Ese oficio es necesario para el que cuenta cuentos en un mercado árabe y para el que los escribe en una biblioteca de París. No hay manera de conocerlo sin ejercerlo. Nadie nace sabiéndolo, aunque en ocasiones un cuentista nato puede producir un buen cuento por adivinación de artista. El oficio es obra del trabajo asiduo, de la meditación constante, de la dedicación apasionada. Cuentistas de apreciables cualidades para la narración han perdido su don porque mientras tuvieron dentro de sí temas escribieron sin detenerse a estudiar la técnica del cuento y nunca la dominaron; cuando la veta interior se agotó, les faltó la capacidad para elaborar, con asuntos externos a su experiencia íntima, la delicada arquitectura de un cuento. No adquirieron el oficio a tiempo, y sin el oficio no podían construir.

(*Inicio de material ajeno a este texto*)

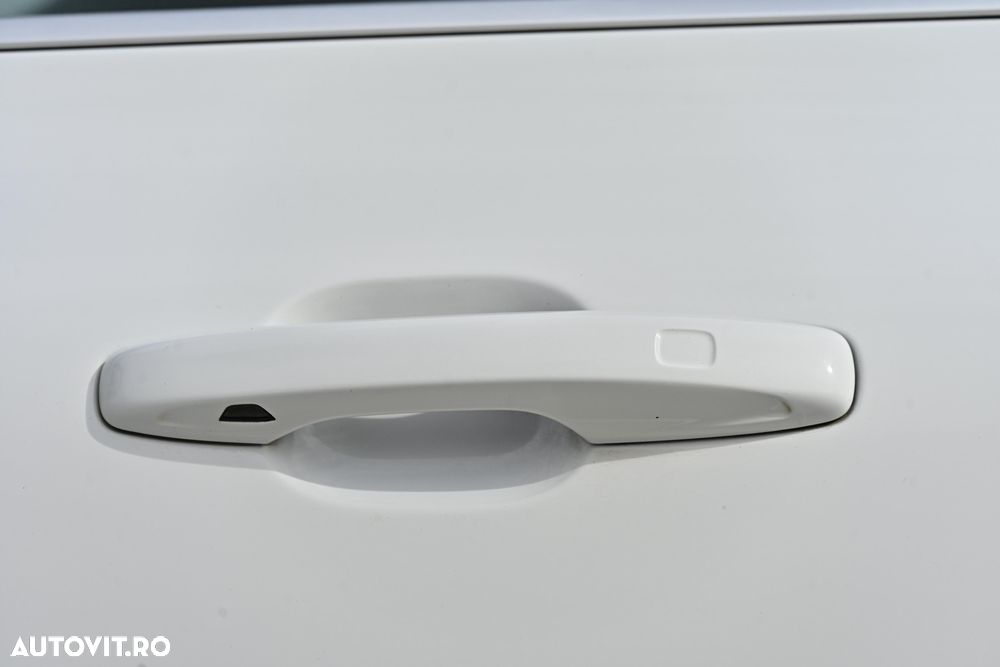 Volvo XC 60 D5 AWD Geartronic RDesign - 35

En sus primeros tiempos el cuentista crea en estado de semiinconsciencia. La acción se le impone; los personajes y sus circunstancias le arrastran; un torrente de palabras luminosas se lanza sobre él. Mientras ese estado de ánimo dura, el cuentista tiene que ir aprendiendo la técnica a fin de imponerse a ese mundo hermoso y desordenado que abruma su mundo interior. El conocimiento de la técnica le permitirá señorear sobre la embriagante pasión como Yavé sobre el caos. Se halla en el momento apropiado para estudiar los principios en que descansa la profesión de cuentista, y debe hacerlo sin pérdida de tiempo. Los principios del género, no importa lo que crean algunos cuentistas noveles, son inalterables; por lo menos, en la medida en que la obra humana lo es.

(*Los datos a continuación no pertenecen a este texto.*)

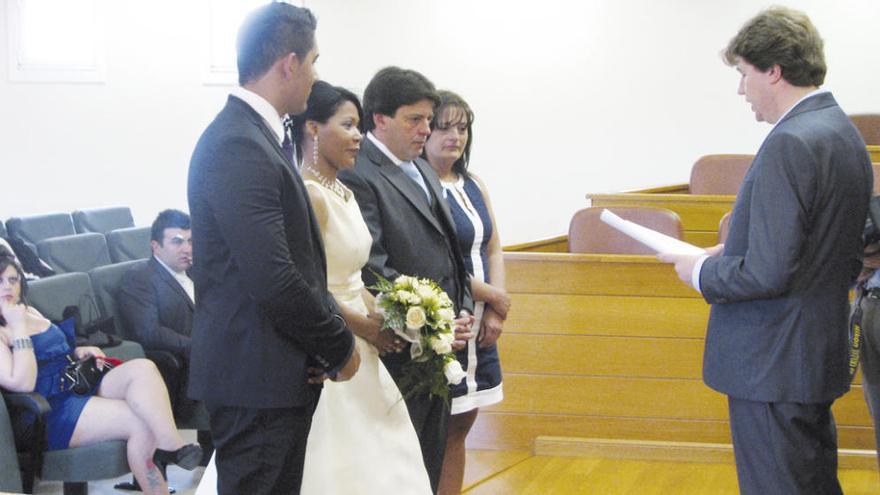 Primera boda que ofició Carlos Calvelo tras convertirse en alcalde de Arteixo.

La búsqueda y la selección del material es una parte importante de la técnica; de la búsqueda y de la selección saldrá el tema. Parece que estas dos palabras -búsqueda y selección- implican lo mismo: buscar es seleccionar. Pero no es así para el cuentista. Él buscará aquello que su alma desea; motivos campesinos o de mar, episodios de hombres del pueblo o de niños, asuntos de amor o de trabajo. Una vez obtenido el material, escogerá el que más se avenga con su concepto general de la vida y con el tipo de cuento que se propone escribir.
Esa parte de la tarea es sagradamente personal; nadie puede intervenir en ella. A menudo la gente se acerca a novelistas y cuentistas para contarles cosas que le han sucedido, “temas para novelas y cuentos” que no interesan al escribir porque nada le dicen a su sensibilidad. Ahora bien, si nadie debe intervenir en la selección del tema, hay un consejo útil que dar a los cuentistas jóvenes: que estudien el material con minuciosidad y seriedad; que estudien concienzudamente el escenario de su cuento, el personaje y su ambiente, su mundo psicológico y el trabajo con que se gana la vida.

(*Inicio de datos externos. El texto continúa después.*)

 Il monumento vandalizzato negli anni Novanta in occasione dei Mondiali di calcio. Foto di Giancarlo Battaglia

Escribir cuentos es una tarea seria y además hermosa. Arte difícil, tiene el premio en su propia realización. Hay mucho que decir sobre él. Pero lo más importante es esto: El que nace con la vocación de cuentista trae al mundo un don que está en la obligación de poner al servicio de la sociedad. La única manera de cumplir con esa obligación es desenvolviendo sus dotes naturales, y para lograrlo tiene que aprender todo lo relativo a su oficio; qué es un cuento y qué debe hacer para escribir buenos cuentos. Si encara su vocación con seriedad, estudiará a conciencia, trabajará, se afanará por dominar el género, que es sin duda muy rebelde, pero dominable. Otros lo han logrado. Él también puede lograrlo.